Ghost stories also feature in the collection, as well as stories that may be more familiar to western readers as variants of well-known fairy tales. Of the latter, one particularly interesting story is the one which opens chapter six, about a family's guardian deity incarnating in order to help them out with their fields, something they only discover when they find the statue covered in mud with footprints leading up to it. This has elements of fairy tales about helpers, but also popular horror stories, which may be an indication of how different cultures see various literary elements. Later, in chapter eight, there's a tale about how a generous gift is abused (a bit like “The Fisherman's Wife”) and ends up turning on its owners.
The art is beautiful, and as always makes use of Mizuki's trademark style of cartoony people on photorealistic backgrounds. The details of the countryside, primarily forests and mountains, is especially gorgeous this time, and Mizuki draws himself slightly more realistically than usual, which again helps to give us the feel that we're right there with him in his explorations. The translation works with this as well, almost mimicking the patterns used by really good oral storytellers. And, of course, as an added bonus there's a cameo by Nezumi Otoko towards the back of the book.

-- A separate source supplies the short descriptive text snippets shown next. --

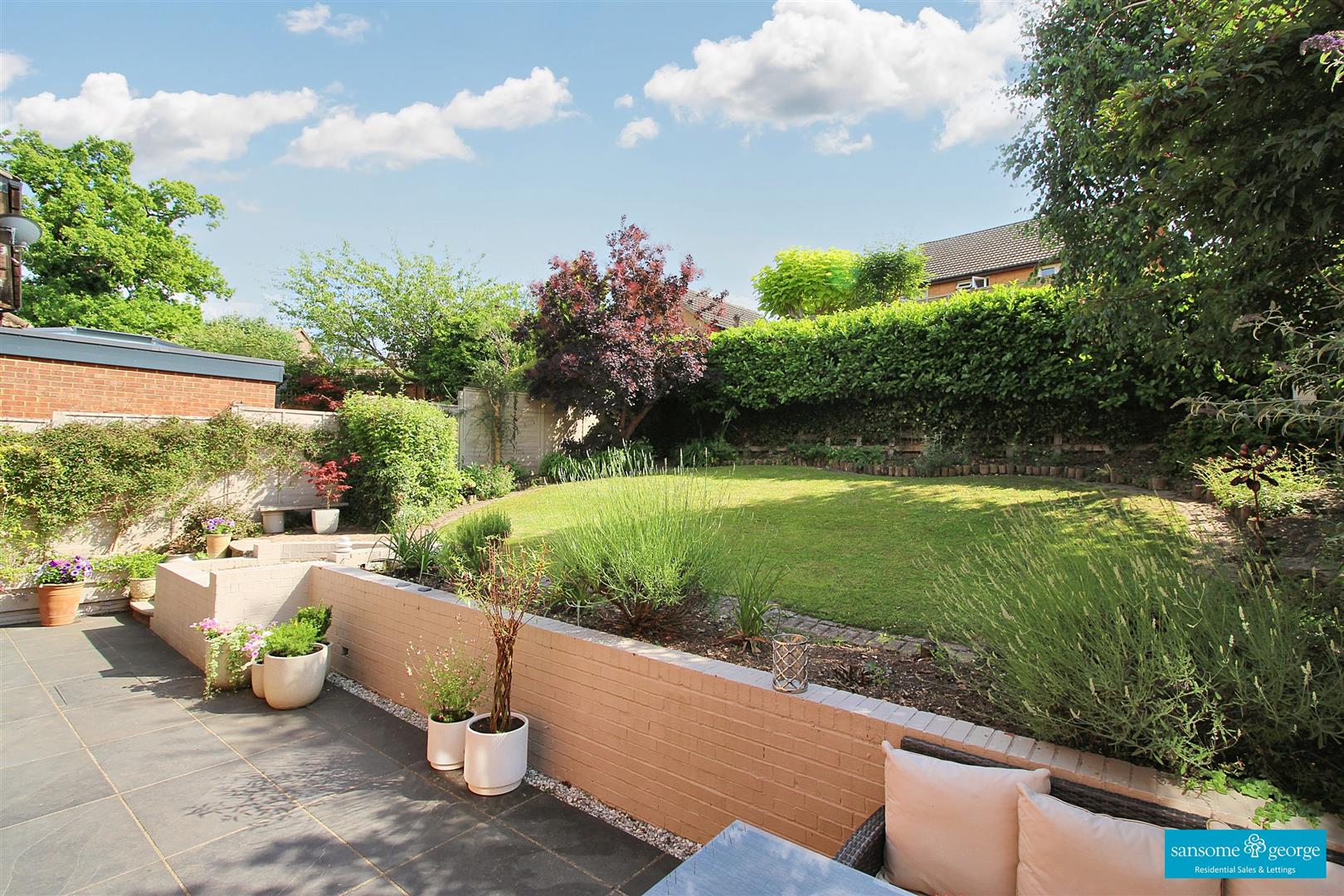 4 bed property in Goodliffe Gardens, Reading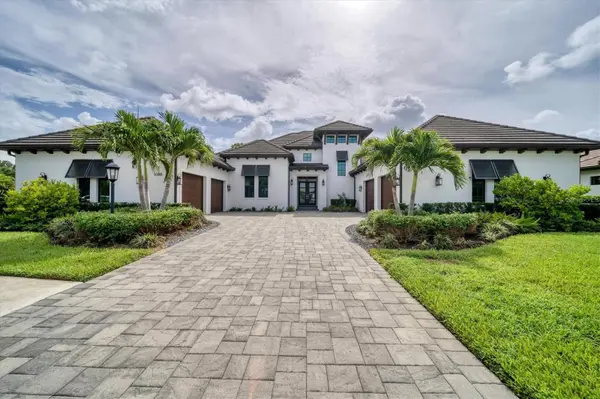5388 GREENBROOK DR, Sarasota, FL 34238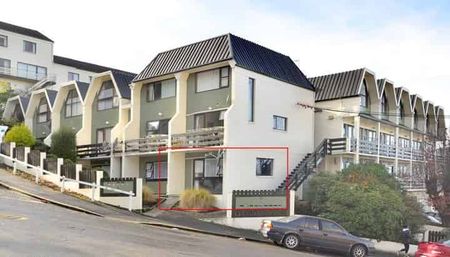 Tidy Apartment in Prime Location - Photo 5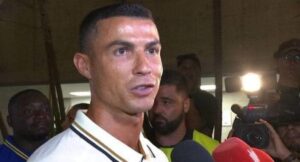 Lire la suite à propos de l’article Football : Cristiano Ronaldo tacle la MLS où va évoluer son éternel rival Messi et ferme la porte à un retour en Europe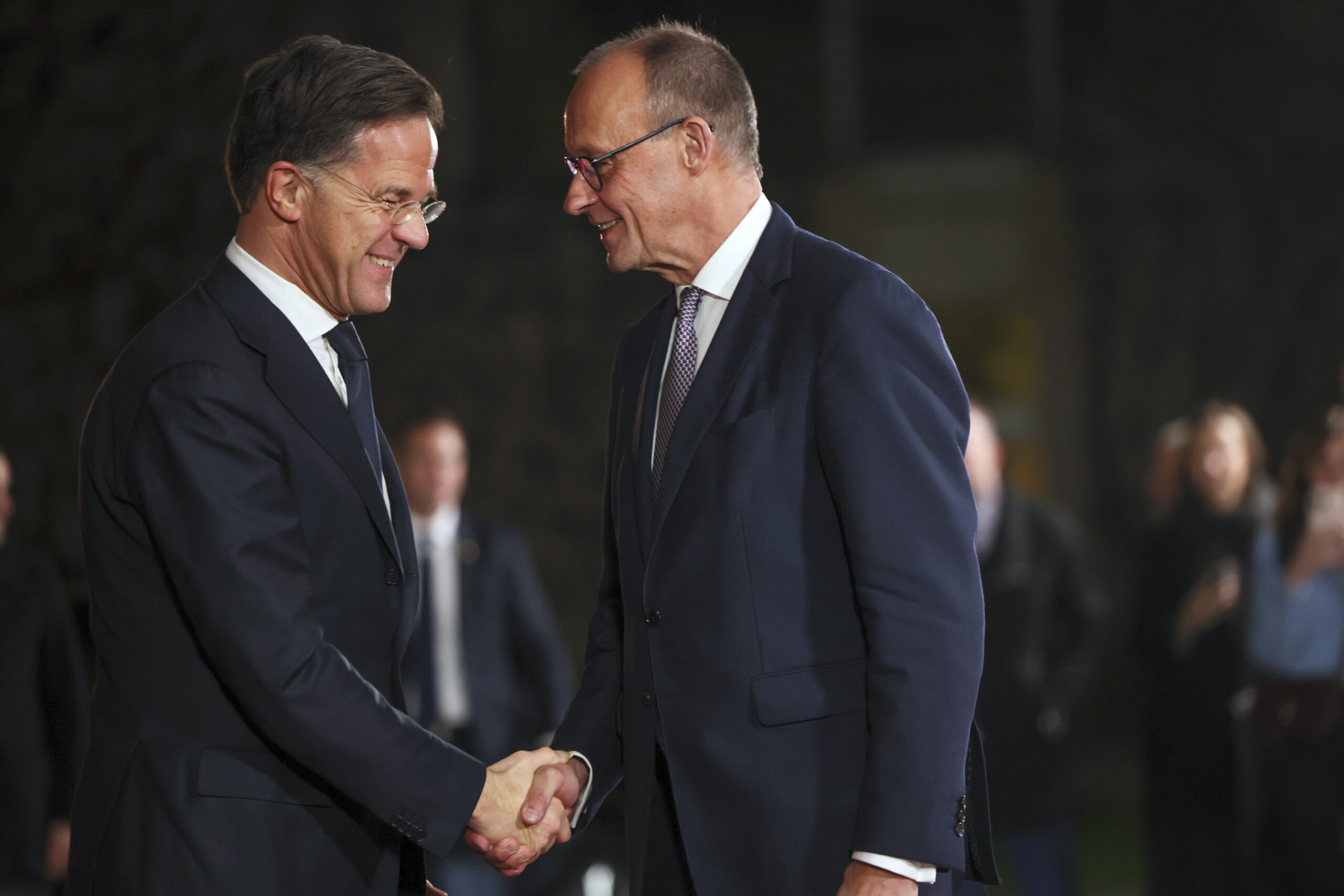 Nem nyugszik a német kancellár: még komolyabb „nyomást” követel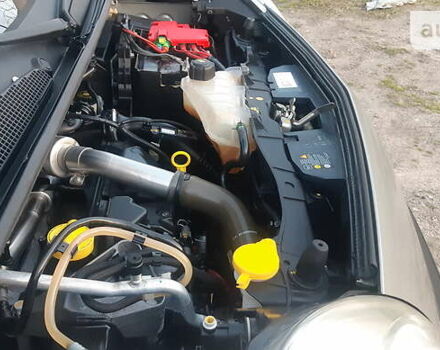 Серый Рено Кенгу, объемом двигателя 1.5 л и пробегом 173 тыс. км за 7800 $, фото 15 на Automoto.ua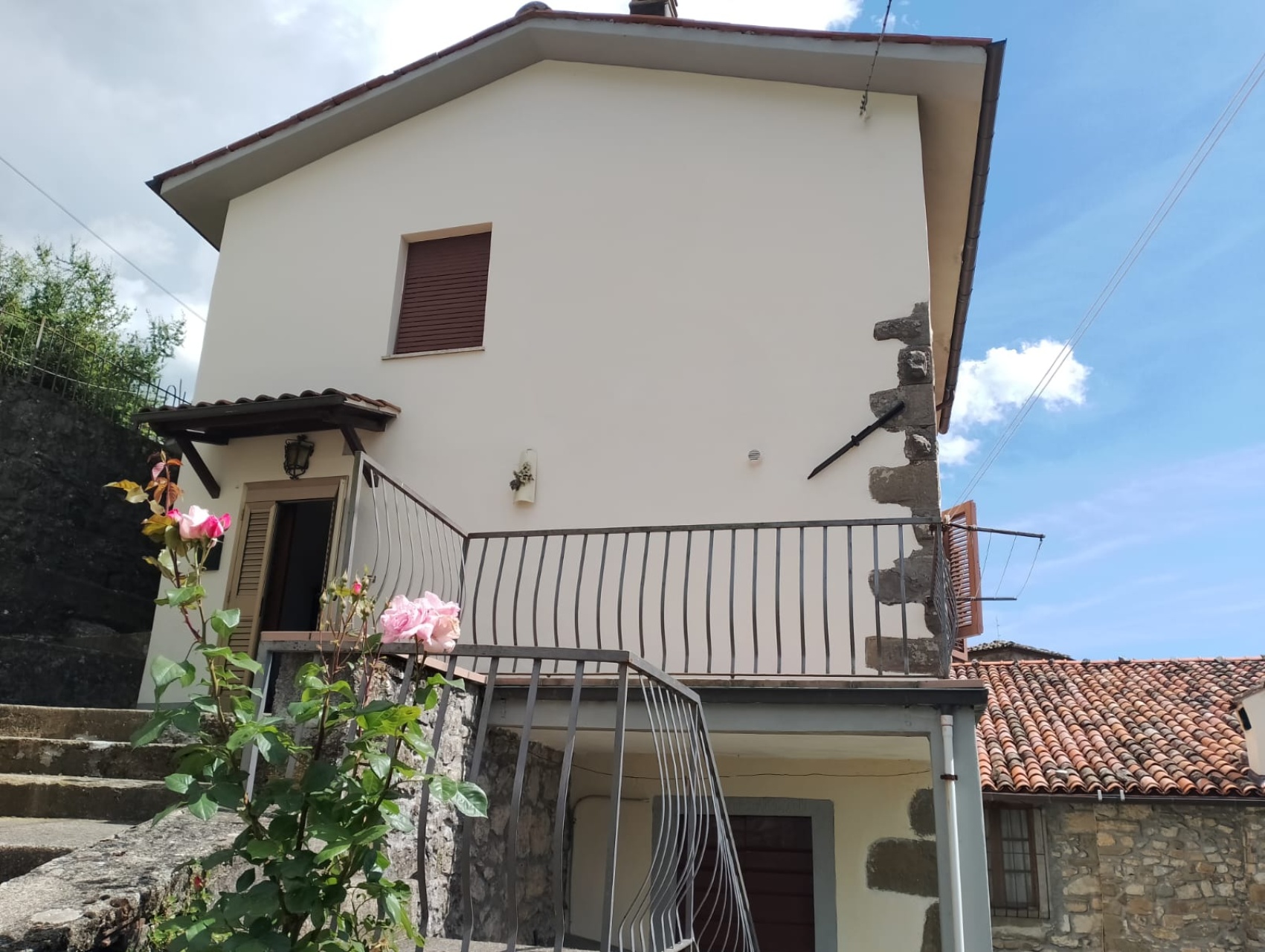 fotoCasa di paese con terrazze, giardino e viste a Fosciandora, Lucca.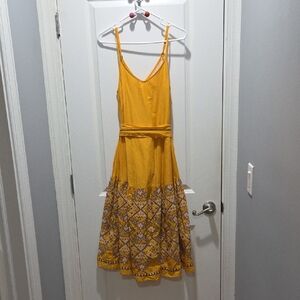 Elegant Yellow Patterned Midi Dress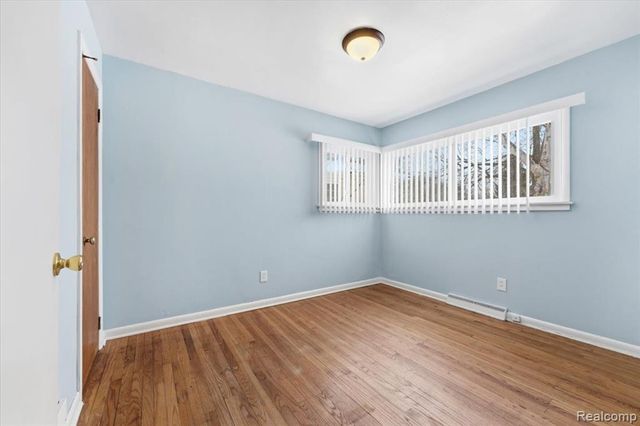 28706 Southpointe Road, Grosse Ile, MI 48138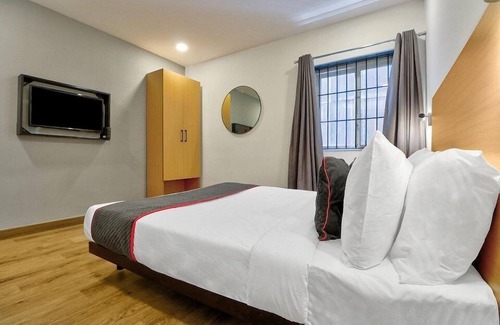 Kolkata Hotel | Hotel Consulate By BookMeriHotel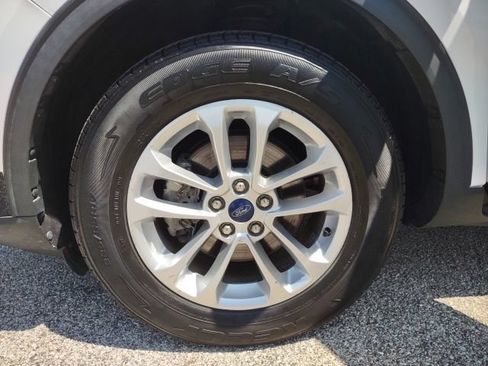 Used 2020 Ford Escape S AWD/4WD image 25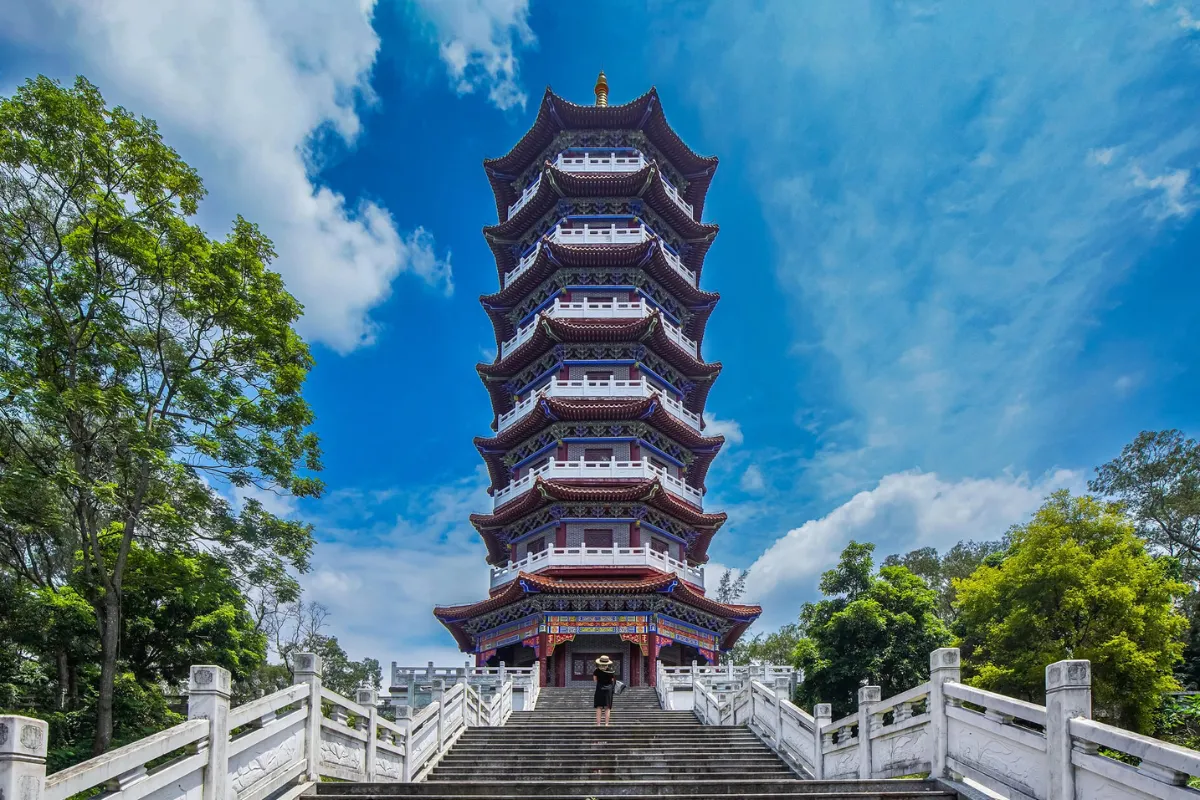 thap-van-xuong Tháp Vạn Xương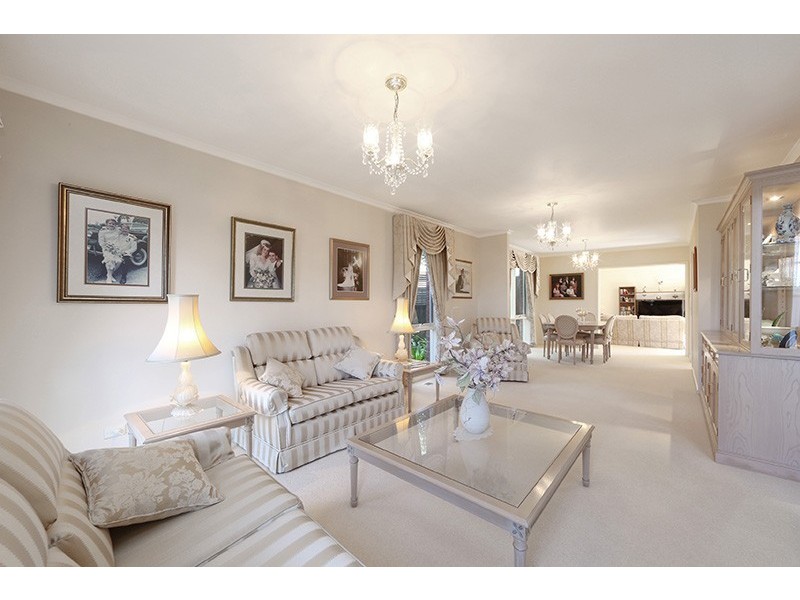 14 Wakley Crescent, Wantirna South VIC 3152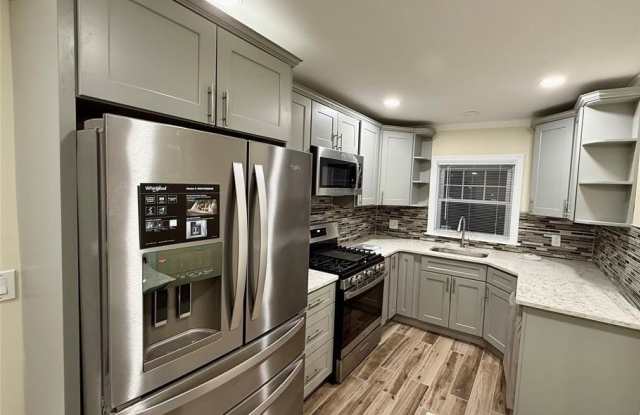 Photo of 113 Carroll Avenue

Tono Monogatari is, in Shigeru Mizuki's hand, a journey all by itself. It helps to capture the legends of a place many of us in the English-speaking world may not be aware of, and it makes those stories feel relevant and important, not just in the realm of world folklore, but in terms of just experiencing a story. Certainly you should pick this up if you're a fan of Shigeru Mizuki, but if you just want to read some fairy tales, this is also a good place to find them.
Overall : A
Story : A
Art : A
+ Mimics the experience of listening to a story well, beautiful art, especially the forests.